I picked the cuffs up off the floor and did as she asked, cuffing my hand to my old man’s whose gaze was still fixed on Sadie.
“Can I kill him now?” Gus asked, shifting from foot to foot. “Is it playtime yet?”
“No, sweetheart,” Sadie said, like he was a toddler that needed to be taught a lesson. She sauntered over to Gus and planted a kiss on his lips. He closed his eyes while she kept hers open, tugging the gun from his hands. “You’ve been a very, very good boy to me all these years. You took very good care of me while I was that pig’s captive, and I thank you for that.” She patted him on the top of his head and raised the gun. Gus opened his eyes just long enough for the shock to register. “But I’ll take it from here, baby.” She pulled the trigger, firing off multiple rounds, sending Gus’s brains splattering against Chop’s old trophy case in a mist of pink and red.
*
“What the f*ck?” I asked as Gus’s brains slid down the glass and fell on top of what was left of his forehead. Sadie pulled her own gun from a holster on her thigh and held one on each of us.
Sadie not only acted very different from the woman who visited me in County, she looked different too. She wore a high-waisted red skirt with a tight black blouse and shiny black pumps. Her long hair was now an auburn color, void of silver streaks. Instead of flowing down her back it had been cut short to her chin. She looked easily fifteen years younger than she did only months before.
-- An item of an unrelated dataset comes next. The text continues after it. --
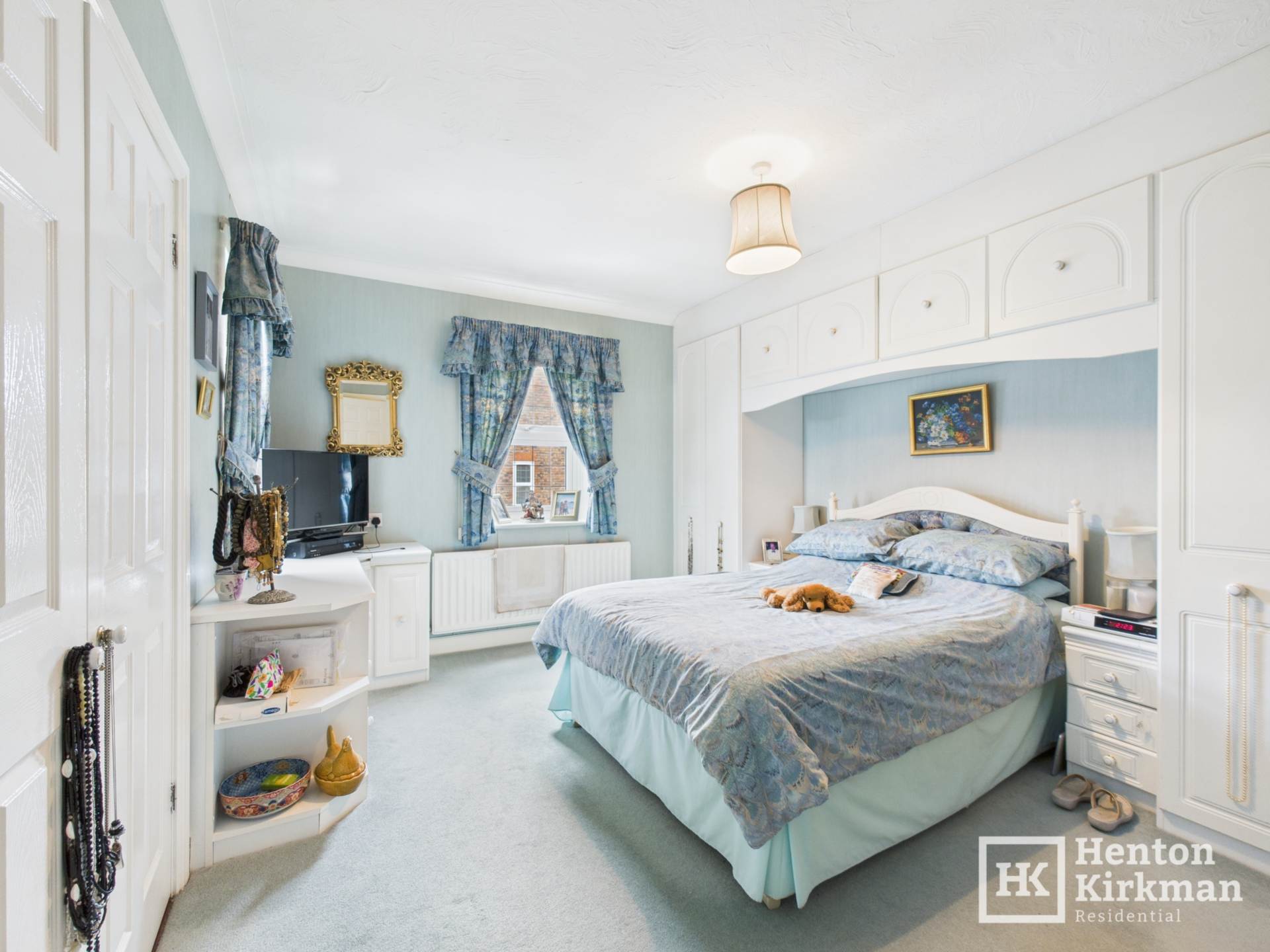 Western Mews, Billericay, Image 12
“So what? You’re here to seek revenge?” Chop asked, and I wondered if she would really shoot if I took a run at her. I glanced down to Gus’s bloodied corpse and decided that it was highly likely she would.
“Something like that,” she purred, perching herself on the edge of the couch.
“You should be thanking me for not killing you,” Chop said flatly. He hadn’t once taken his eyes from her since she’d stepped into the room. Not even when she blew Gus’s head clean off. He barely even blinked.